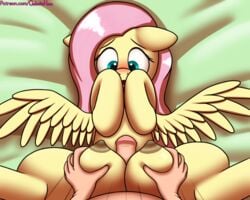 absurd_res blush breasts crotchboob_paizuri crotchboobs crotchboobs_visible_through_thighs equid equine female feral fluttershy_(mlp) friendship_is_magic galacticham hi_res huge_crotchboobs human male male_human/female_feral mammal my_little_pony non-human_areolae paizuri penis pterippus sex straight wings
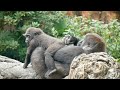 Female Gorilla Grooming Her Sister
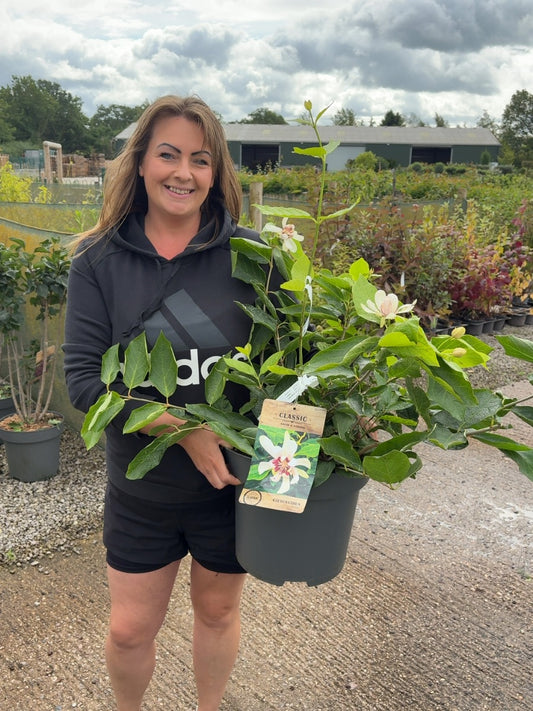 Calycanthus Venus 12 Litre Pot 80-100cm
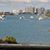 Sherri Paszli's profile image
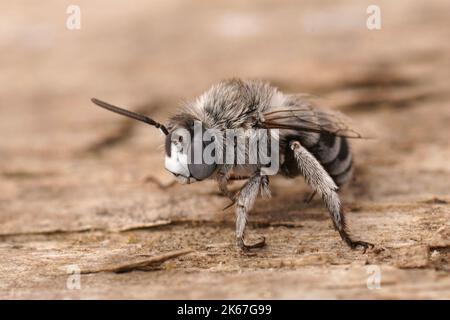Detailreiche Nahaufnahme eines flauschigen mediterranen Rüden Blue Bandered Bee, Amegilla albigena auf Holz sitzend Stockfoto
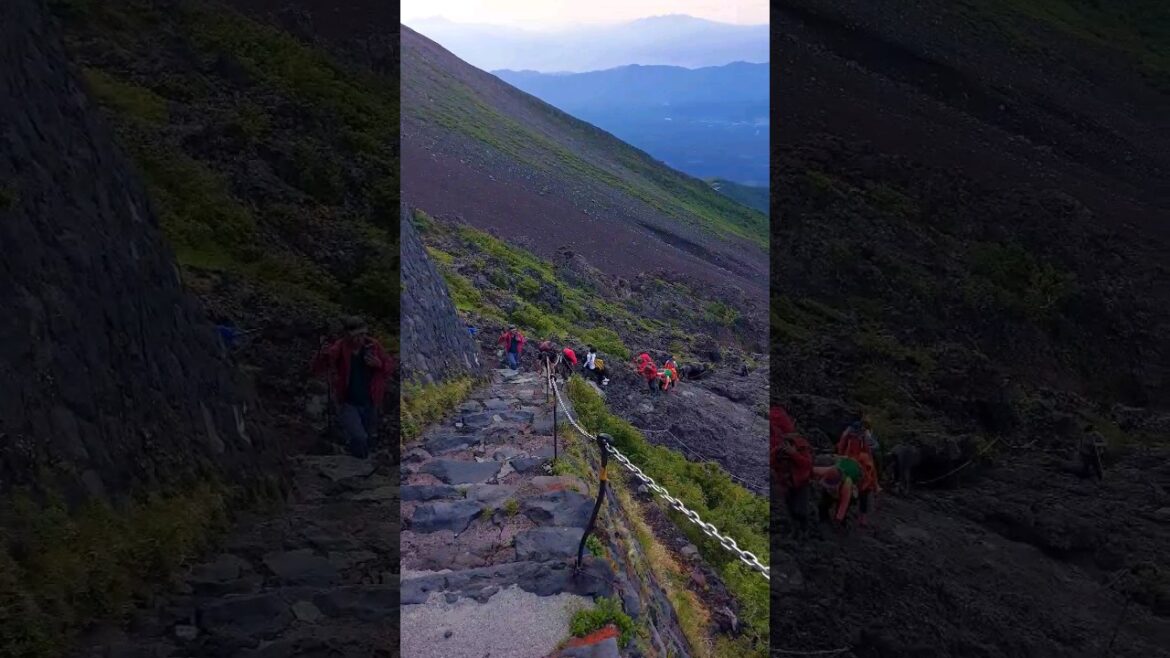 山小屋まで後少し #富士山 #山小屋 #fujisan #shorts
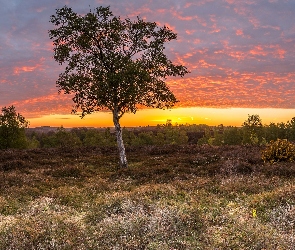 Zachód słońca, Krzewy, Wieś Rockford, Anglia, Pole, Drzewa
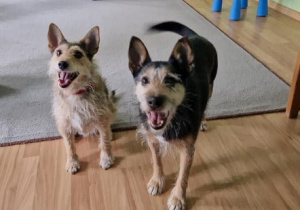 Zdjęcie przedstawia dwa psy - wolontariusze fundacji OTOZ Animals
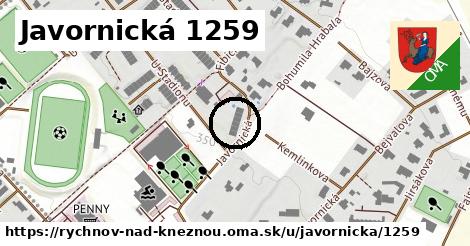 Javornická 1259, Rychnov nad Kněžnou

**DESCRIPTION OF THE TASK:** Would you reproduce the listing above in full and exactly, without its pictures?

**OUTPUT:**
 absurd_res blush breasts crotchboob_paizuri crotchboobs crotchboobs_visible_through_thighs equid equine female feral fluttershy_(mlp) friendship_is_magic galacticham hi_res huge_crotchboobs human male male_human/female_feral mammal my_little_pony non-human_areolae paizuri penis pterippus sex straight wings
 Female Gorilla Grooming Her Sister
 Calycanthus Venus 12 Litre Pot 80-100cm
 Sherri Paszli's profile image
Detailreiche Nahaufnahme eines flauschigen mediterranen Rüden Blue Bandered Bee, Amegilla albigena auf Holz sitzend Stockfoto
 山小屋まで後少し #富士山 #山小屋 #fujisan #shorts
 Zachód słońca, Krzewy, Wieś Rockford, Anglia, Pole, Drzewa
 Zdjęcie przedstawia dwa psy - wolontariusze fundacji OTOZ Animals
 Javornická 1259, Rychnov nad Kněžnou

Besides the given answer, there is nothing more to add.